A testament to Kelly’s character comes in a story from 1890 when labor unrest between team owners and players resulted in many ballplayers, including Kelly, breaking away to form their own Players League. Kelly became a player-manager for the Boston Reds. With more noble sentiment than money, the league was soon in trouble. During a series of games in Chicago, Kelly met with Albert Spalding, representing the owners of the National League. Spalding put a $10,000 check in front of Kelly, telling him he could have that and a three-year contract as a figure he could name if he left the Player League and rejoined the Beaneaters. According to Spalding, Kelly asked to think about it as he went to take a walk outside. Returning, Kelly said, “I’ve decided not to accept’. A shocked Spalding said, “What? You don’t want $10,000?” Kelly replied, “I want the $10,000 bad enough, but I’ve thought the matter all over, and I can’t go back on the boys. And, neither would you.”
Spalding shook Kelly’s hand and, knowing he was hard up, lent him $500. Kelly and his team would win the only Championship of the Players League before its demise after one season.

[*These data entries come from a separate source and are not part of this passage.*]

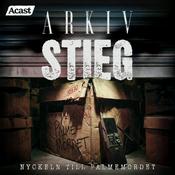 Arkiv Stieg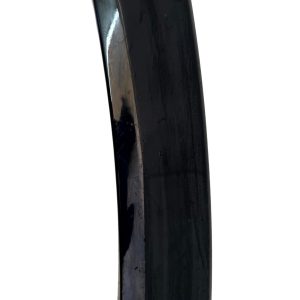 Mercedes GLE V167 AMG Front Right Wheel Arch Trim 2019-2023 A1678844400 Genuine - Image 9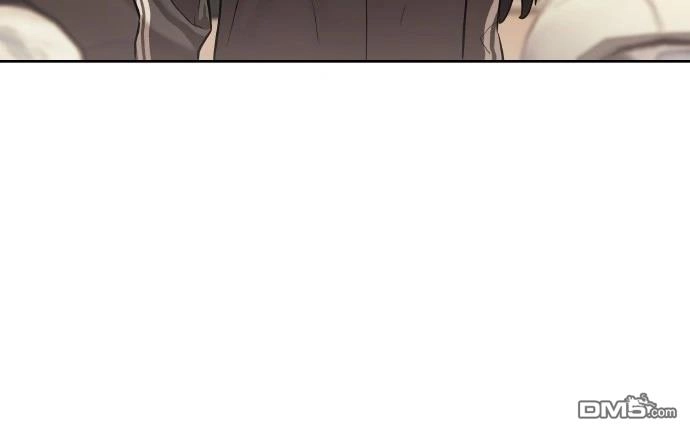 特聘公务员 第35话 第13页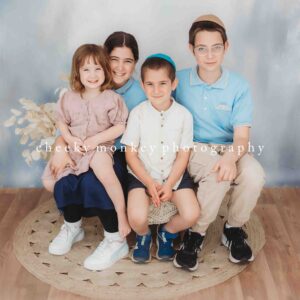 SinaiSiblingsLOWRES-65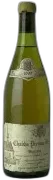 illustration du vin Chablis Grand Cru les Clos Francois Raveneau 1990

Hard playing on the field and hard living off it had caught up with Kelly, and his skills began to decline. Kelly retired in 1894 after sixteen seasons with little of the money he had earned. In another first for a ballplayer, Kelly wrote his autobiography. Kelly attempted to capitalize on his notoriety, good looks, and good humor on the vaudeville stage. While sailing from New York to Boston for a theatrical performance, Kelly contracted pneumonia dying three days later, on 8 November 1894, at the age of 36.
Michael “King” Kelly was inducted into the National Baseball Hall of Fame in 1945 by the old-timers’ committee. It says something of the Irish influence in Baseball that the NY Times reported that inducted with him were “Bresnahan, Brouthers, Clarke, Jim Collins, Delehanty, Duffy, Jennings, James O’Rourke and Robinson.” Sadly, there were no immediate family members at the ceremony, his one child having died shortly after his death and his wife dying several years before he was inducted.
Lee Allen, a historian with the National Baseball Hall of Fame and Museum, “Kelly, in his day, was as popular a figure as Babe Ruth would later be, and there was hardly a boy in the land who did not follow the daily doings of The King.“
Certainly, ‘King’ Kelly deserves to be better remembered by the game he helped shape.